Piano instruments are like drum samples for the modern producer; you’ll likely have more than you need of various styles, sizes and quality that you’ve collected over the years.

Una Corda from Native Instruments is a little different, though, and offers up a deeply sampled version of a unique piano, hand-built by David Klavins in collaboration with composer Nils Frahm. It only has one string per note, which gives a much purer sound than the usual three strings found on your average piano, and allows the user to easily slot in different prepared materials to dampen and affect the way the hammers hit the strings.

Be Prepared
The technical side of this massive 10GB Kontakt Instrument has been put together by Uli Baronowsky and Galaxy Instruments, who are also responsible for The Giant, and Definitive Piano Collection for Kontakt. The one-of-a-kind original instrument was recorded using an array of mics and kit in Saal 3 at the Funkhaus in Berlin, a famous old broadcast studio in East Germany.

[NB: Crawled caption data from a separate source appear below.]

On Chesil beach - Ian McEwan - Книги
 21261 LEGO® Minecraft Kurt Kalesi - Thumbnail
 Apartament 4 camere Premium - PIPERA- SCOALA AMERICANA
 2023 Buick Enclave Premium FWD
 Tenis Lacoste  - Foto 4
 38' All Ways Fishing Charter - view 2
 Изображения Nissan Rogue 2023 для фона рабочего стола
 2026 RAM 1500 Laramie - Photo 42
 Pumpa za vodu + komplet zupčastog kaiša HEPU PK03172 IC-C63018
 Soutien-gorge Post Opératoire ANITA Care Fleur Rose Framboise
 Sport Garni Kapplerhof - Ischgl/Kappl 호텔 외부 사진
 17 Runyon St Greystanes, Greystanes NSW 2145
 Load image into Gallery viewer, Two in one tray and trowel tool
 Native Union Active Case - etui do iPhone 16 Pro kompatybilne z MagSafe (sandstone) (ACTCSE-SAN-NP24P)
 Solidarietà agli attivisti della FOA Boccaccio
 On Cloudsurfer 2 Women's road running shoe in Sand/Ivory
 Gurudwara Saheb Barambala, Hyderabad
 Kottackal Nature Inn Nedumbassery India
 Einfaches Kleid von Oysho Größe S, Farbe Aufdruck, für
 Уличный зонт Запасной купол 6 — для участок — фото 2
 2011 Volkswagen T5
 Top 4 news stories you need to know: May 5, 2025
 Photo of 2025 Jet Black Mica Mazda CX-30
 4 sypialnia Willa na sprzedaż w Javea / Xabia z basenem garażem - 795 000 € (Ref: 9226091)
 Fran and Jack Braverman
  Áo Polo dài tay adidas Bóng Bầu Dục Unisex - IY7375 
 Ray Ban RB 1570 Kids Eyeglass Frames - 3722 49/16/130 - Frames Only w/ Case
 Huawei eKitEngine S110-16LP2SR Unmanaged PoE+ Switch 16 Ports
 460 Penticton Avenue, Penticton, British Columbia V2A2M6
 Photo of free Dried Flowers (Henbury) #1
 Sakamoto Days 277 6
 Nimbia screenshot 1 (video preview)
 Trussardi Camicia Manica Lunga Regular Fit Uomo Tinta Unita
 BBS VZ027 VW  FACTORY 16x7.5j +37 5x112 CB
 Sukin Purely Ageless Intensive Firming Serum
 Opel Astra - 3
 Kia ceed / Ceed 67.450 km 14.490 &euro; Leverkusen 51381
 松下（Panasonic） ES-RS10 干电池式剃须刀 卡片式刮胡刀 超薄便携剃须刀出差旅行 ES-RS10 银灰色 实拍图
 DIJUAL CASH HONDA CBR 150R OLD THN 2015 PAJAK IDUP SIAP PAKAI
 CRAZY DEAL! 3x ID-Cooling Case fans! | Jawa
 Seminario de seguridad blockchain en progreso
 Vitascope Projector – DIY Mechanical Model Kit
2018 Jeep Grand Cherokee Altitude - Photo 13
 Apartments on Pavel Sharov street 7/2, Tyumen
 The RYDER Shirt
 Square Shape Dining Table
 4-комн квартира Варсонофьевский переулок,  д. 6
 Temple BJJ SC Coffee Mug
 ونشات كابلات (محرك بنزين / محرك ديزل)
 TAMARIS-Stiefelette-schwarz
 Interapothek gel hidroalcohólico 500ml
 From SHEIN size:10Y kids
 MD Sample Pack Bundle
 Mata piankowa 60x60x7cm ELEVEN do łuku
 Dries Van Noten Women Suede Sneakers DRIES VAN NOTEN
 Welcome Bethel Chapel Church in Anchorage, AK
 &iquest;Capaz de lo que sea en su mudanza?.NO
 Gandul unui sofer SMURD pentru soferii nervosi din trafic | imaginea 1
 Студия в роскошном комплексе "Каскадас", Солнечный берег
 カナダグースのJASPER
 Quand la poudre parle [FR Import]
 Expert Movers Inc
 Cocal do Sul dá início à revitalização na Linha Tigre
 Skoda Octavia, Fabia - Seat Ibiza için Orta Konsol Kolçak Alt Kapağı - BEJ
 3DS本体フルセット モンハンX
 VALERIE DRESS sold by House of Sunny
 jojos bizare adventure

You get three different Kontakt patches with the pure piano sound, a prepared piano with felt between the hammer and string, and one with cotton, plus 100 incredibly varied snapshot presets saved across all three versions.

Essentially, the pure sound is closest to a normal piano, with a more resonant and clean tone; the felt has a more gentle, electric piano-esque sound with softer attack; and the cotton is more percussive, with hints of harpsichord. Where things get really interesting is in the huge tweakability afforded by the Kontakt GUI. There’s a basic front page with tone, dynamics and space, and three more for deeper sound design.





More Than Meets the Eye
The first page is the Workbench, which allows you to sculpt the primary characteristics of the instrument. Here you can add harmonics, reverse samples, control the tonal depth, and add a second fabric to the prepared piano sound. You can also choose from a long list of ambient background noise, dial in mechanical and pedal noise, and even add in the sounds of the pianist moving and breathing. These interesting textures can even be brought to the forefront by removing the main piano sound.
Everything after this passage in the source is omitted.